Our younger daughter Katy married a lovely man earlier this year, and they are expecting our second grandchild in the autumn. When Holly was preparing to come out, Katy would tell her, “Don’t worry. Mum will think it’s cool.”
Holly intends to adopt Huckleberry, but until she does, she has no legal right to her as a mother, and by the same token I have no real right to call myself her granny.
Of course, it doesn’t make a button of difference to me that my daughter is gay. I love her just the same, if anything a bit more protectively, because I used to fear that it would make her life more difficult.
I’m from the baby-boom generation, when girls were expected to get married, have a couple of children, live happily ever after … oh, and have a glittering career as well. And I come from a part of the world, Northern Ireland, where everybody knows your business, and where some still sigh sympathetically at the news that your offspring might have married someone, well, different. It’s all very well for Annette Bening and Julianne Moore in the cozy middle-class professional world of their movie, but it’s not quite the same in real life in County Down, Northern Ireland, or even in suburban Surrey, England, where I live now.
From the start I was ready to chop people off at the knees if they made stupid homophobic remarks or jokes about lesbians. These days I take perverse pleasure in letting people dig holes for themselves and watching them squirm. Still, I was a bit taken aback by one person I know well—or at least thought I did—who asked me if I thought it was caused by a "gene deficiency."
Telling the relatives was a minor hurdle that I felt had to be done in a natural way. It’s not something you announce in the newspapers or send out in official letters to friends and family. The people who know and love Holly the most guessed already and wished her well.

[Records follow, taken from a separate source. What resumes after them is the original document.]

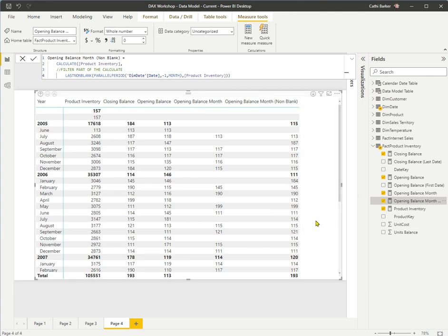So the closing balance for the previous period becomes the opening balance for the next period, because we use the PARALLELPERIOD minus one month function. These are some really strong time intelligence functions for working with semi-additive data.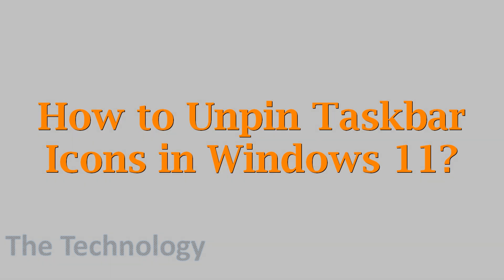Hello everyone, welcome back to my YouTube channel. In this video, I'm showing how to unpin taskbar icons in Windows 11.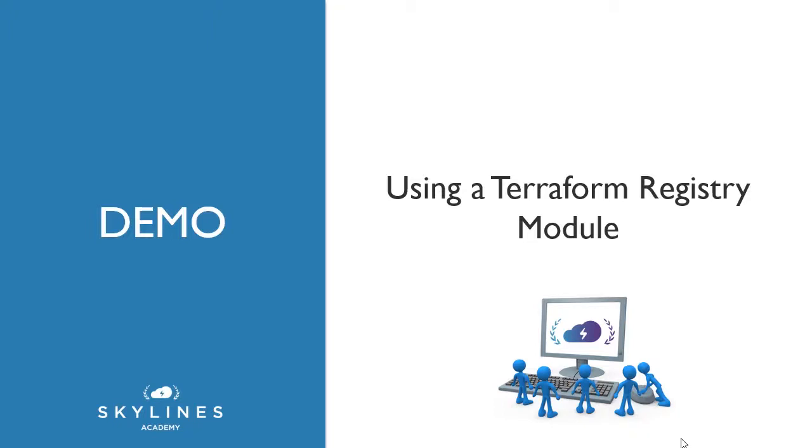The next logical question after creating your own module is, are there modules already out there? Is there some sort of registry I can go to? And the answer is obviously yes.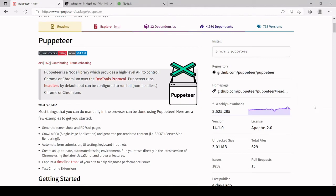Hello and welcome to this video tutorial. In this video I'm going to be showing you how you can do web scraping with JavaScript using the third-party package Puppeteer. In case you're not familiar with web scraping, it's going to a web page and getting some information contained on it.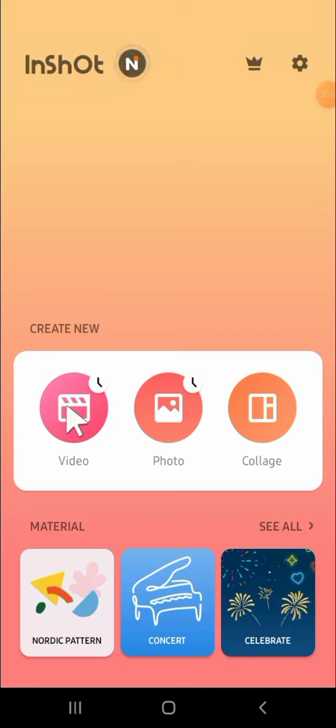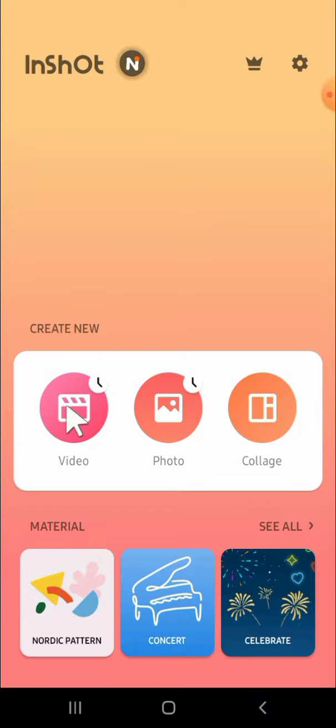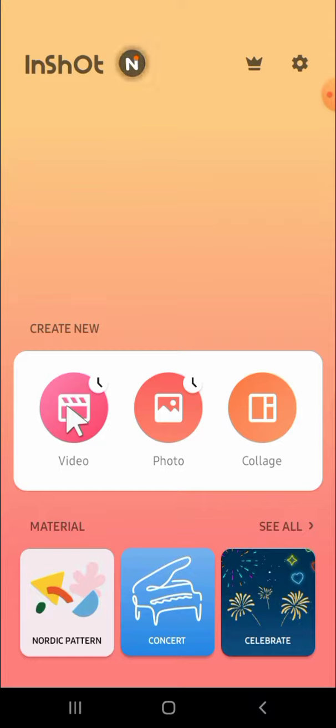Hello guys, welcome back to the channel. In this today's video I'm going to show you how you can make muffled audio on mobile for free. For today's tutorial I'm going to use the InShot application to make the muffled audio.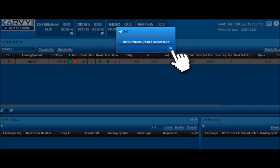After a script is added, a confirmation alert will pop up saying market watch created. Click on OK.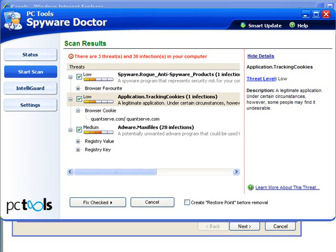Now before you get too excited about Spyware Doctor, I just wanted to show you a quick comparison between Spyware Doctor and the new Super Anti-Spyware.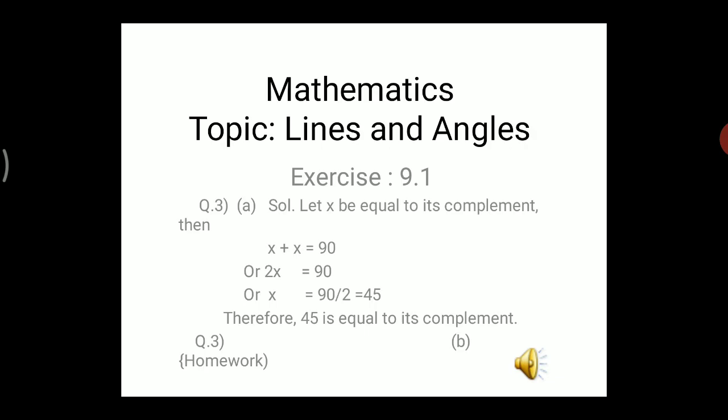Part b of the same question: find the angle which is the supplement of itself. Let y be the angle equal to its supplement. Two angles are supplementary when their sum is 180°, so y + y = 180°. You can easily solve this from here.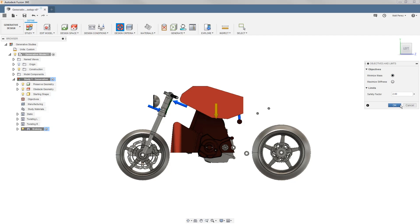Because we're going to be exploring multiple materials, I like to use the minimize mass option for this specific case.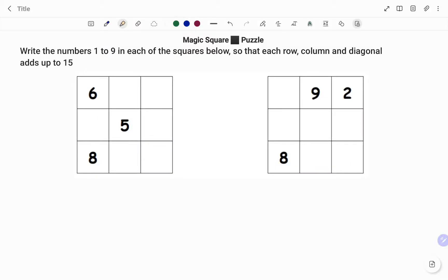Hi everyone, this is your math guru. In this video, I'm going to show you how to solve the following magic square puzzle.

They were, however, curious about the baby and its origins. I explained that a lovely young man—single, straight, and devoted to the two girls—had helped them out. If all goes well, he will do the same for Holly next year, and the two children will have the same father, who will be a loving part of their lives as well, albeit at a distance, as he lives in the U.K.
The one person we didn’t tell was my 91-year-old mother-in-law, who lived with us till her death in April. We were afraid it would confuse her or upset her. How wrong we were. She was in her last weeks of life when Holly told her about Tiffany and the baby, and she smiled happily and said simply: “Well, at least nobody can say our family is boring.”
Something that tends to stop people in their tracks is the baby’s name. I’m used to it now and actually think it’s a really pretty name for a girl. And at the risk of being accused of name dropping, I will add that it was given the official seal of approval by the president of the United States.
A few weeks before the birth, the two girls were invited to a reception at the Miami residence of the U.S. ambassador to Singapore, Steven Green. All guests were invited to meet the president, and when Tiffany’s turn came she whipped out a scan photo of the baby and asked him to write a message.
The utterly charming Mr. Obama won himself at least two devoted fans that day as he wrote: “To Huckleberry, welcome to the world! Barack Obama.”
So thank you, Mr. President, and thank you to Gov. Andrew Cuomo and all the other brave New York politicians who have stuck their heads above the parapet on this one. And thank you to Holly and Tiffany for making me a granny for the first time.
There are so many firsts here for us all, and I’m trying hard to get it right as a granny. There may be both metaphorical and actual hiccups and burps ahead, but the starting point for the three girls is awash with love and support, and that can’t be bad.